RECORDS FOR THE TASK =>
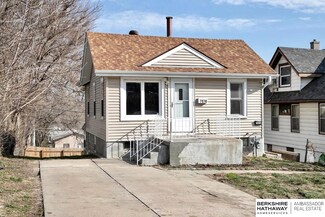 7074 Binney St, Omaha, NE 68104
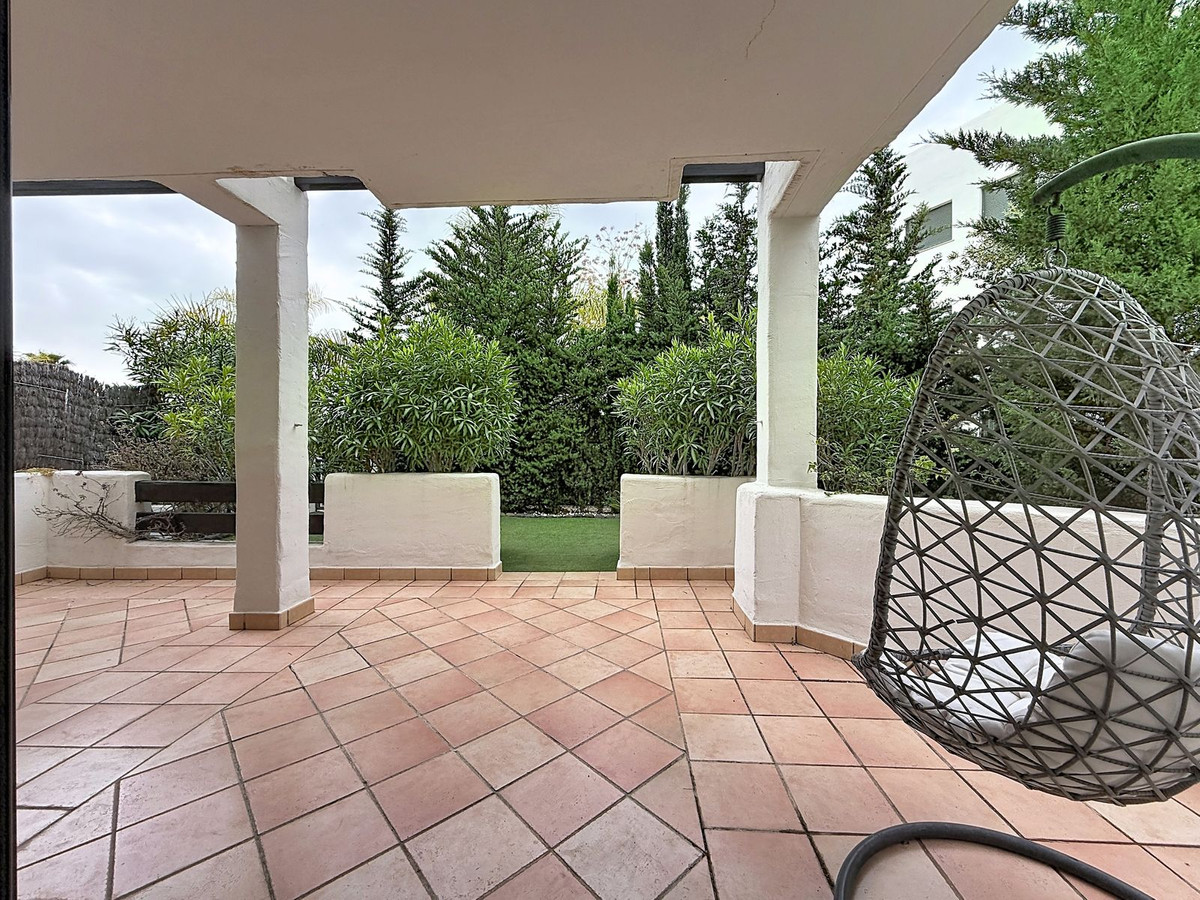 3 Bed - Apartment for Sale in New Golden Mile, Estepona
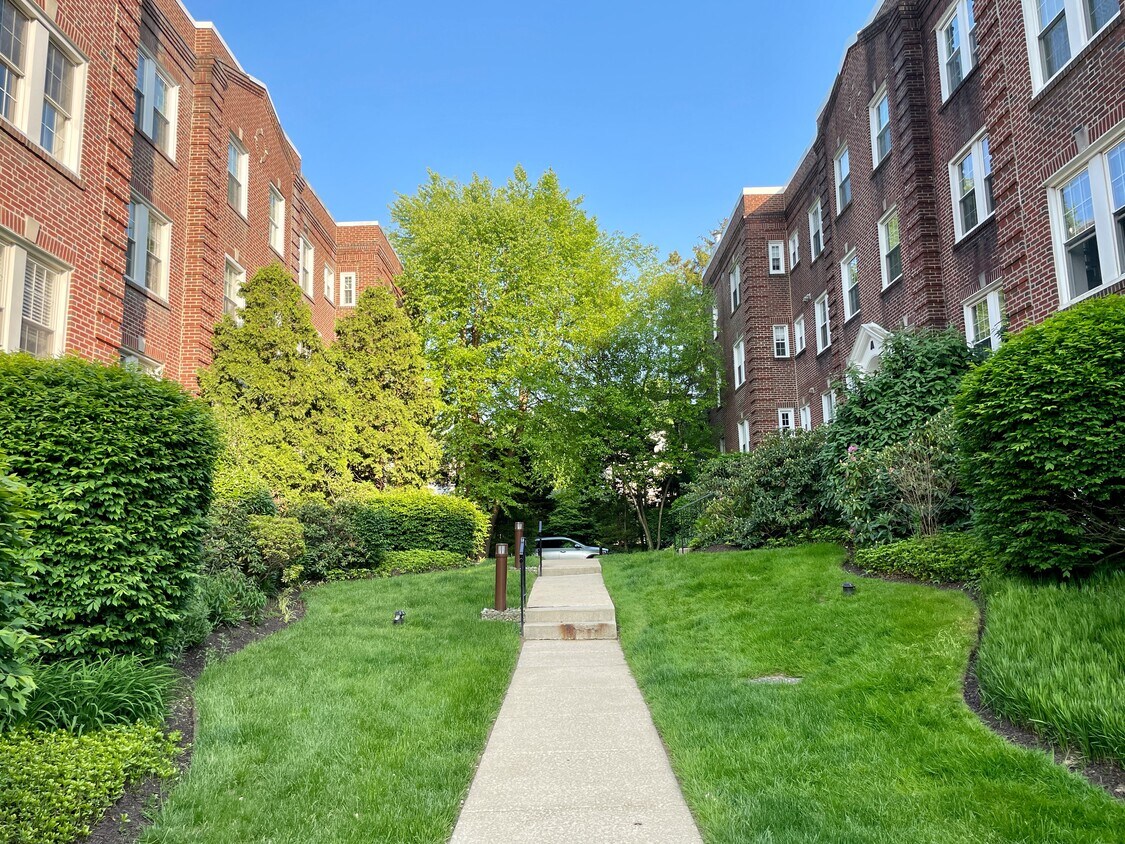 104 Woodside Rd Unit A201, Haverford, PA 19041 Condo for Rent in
==
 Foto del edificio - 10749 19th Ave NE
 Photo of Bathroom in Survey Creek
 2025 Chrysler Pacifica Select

ACTION ITEM => Print the lines above from the one with "Foto del edificio - 10749 19th Ave NE" through the one with "2025 Chrysler Pacifica Select", both included, exactly as written and nothing more.

RESULT =>
 Foto del edificio - 10749 19th Ave NE
 Photo of Bathroom in Survey Creek
 2025 Chrysler Pacifica Select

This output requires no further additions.